Le bombardement des positions kurdes peut aussi être un moyen pour Damas de faire passer "un message en interne en Syrie", estime Frédéric Pichon. En mars 2016, les Kurdes de Syrie ont en effet auto-proclamé une "région fédérale", dont Hassaké fait partie, et rêvent de relier les régions sous leur contrôle dans le nord du pays, à la frontière turque. "S’attaquer aux forces kurdes est peut-être un moyen pour le régime d’Assad d’affirmer qu’il n’acceptera jamais une partition de la Syrie, ni même une fédération comme le demandent les Kurdes", estime Frédéric Pichon. "Les combattants pro-Assad voient tout mouvement d’indépendance comme une menace pour la sécurité du régime", explique Muzaffer Senel, directeur du Center for modern turkish studies, au sein de la Istanbul Sehir University. Jeudi 18 août, une source gouvernementale locale syrienne affirmait d’ailleurs à l'AFP que les bombardements étaient "un message aux Kurdes pour qu'ils cessent de faire ce genre de revendications [territoriales], qui touchent à la souveraineté nationale".

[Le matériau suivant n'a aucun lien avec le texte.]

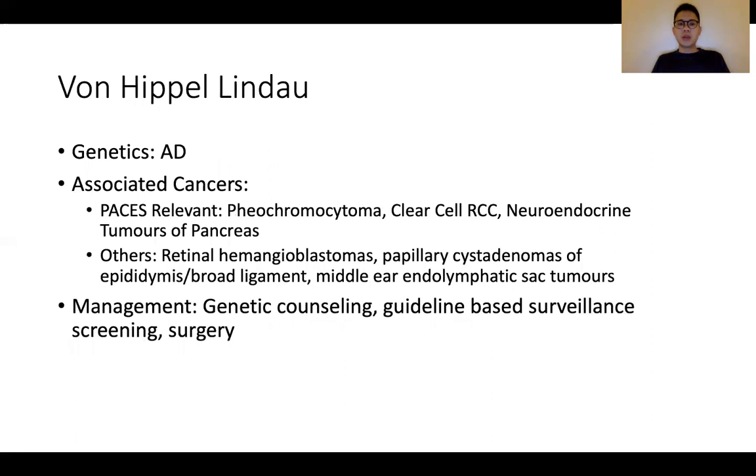Next is Von Hippel-Lindau syndrome. This is an autosomal dominant condition with relevant neoplasms including pheochromocytoma, clear cell RCC, as well as neuroendocrine tumors of the pancreas. There are other associated neoplasms such as retinal hemangioblastomas and neoplasms of the epididymis and broad ligament. For the PACES exam, it's worthwhile focusing on features of pheochromocytoma and clear cell RCC — examined with features such as hematuria. Management is mainly targeted at the involved tumors as well as relevant genetic counseling.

Autre hypothèse : "Ces frappes contre les Kurdes peuvent être un moyen pour le régime syrien de signifier aux États-Unis qu’ils ont franchi la ligne rouge en venant appuyer et conseiller les combattants kurdes en Syrie", estime Frédéric Pichon. Tant que les Américains se contentaient de frapper l’EI, les Syriens toléraient qu’ils utilisent son espace aérien. Mais maintenant qu’ils soutiennent et appuient les forces kurdes, c’est une autre histoire. Or, aux yeux de Washington, les combattants kurdes représentent le levier plus efficace qui soit dans la région pour combattre les jihadistes du groupe État islamique. Ce qui ne semble pas être du goût de Damas, et encore moins d’Ankara. Les Kurdes deviendront-t-ils un sujet de discorde qui détériorera encore davantage l’alliance historique entre Washington et Ankara, malmenée ces derniers temps par la politique de plus en plus autoritaire du président Erdogan ?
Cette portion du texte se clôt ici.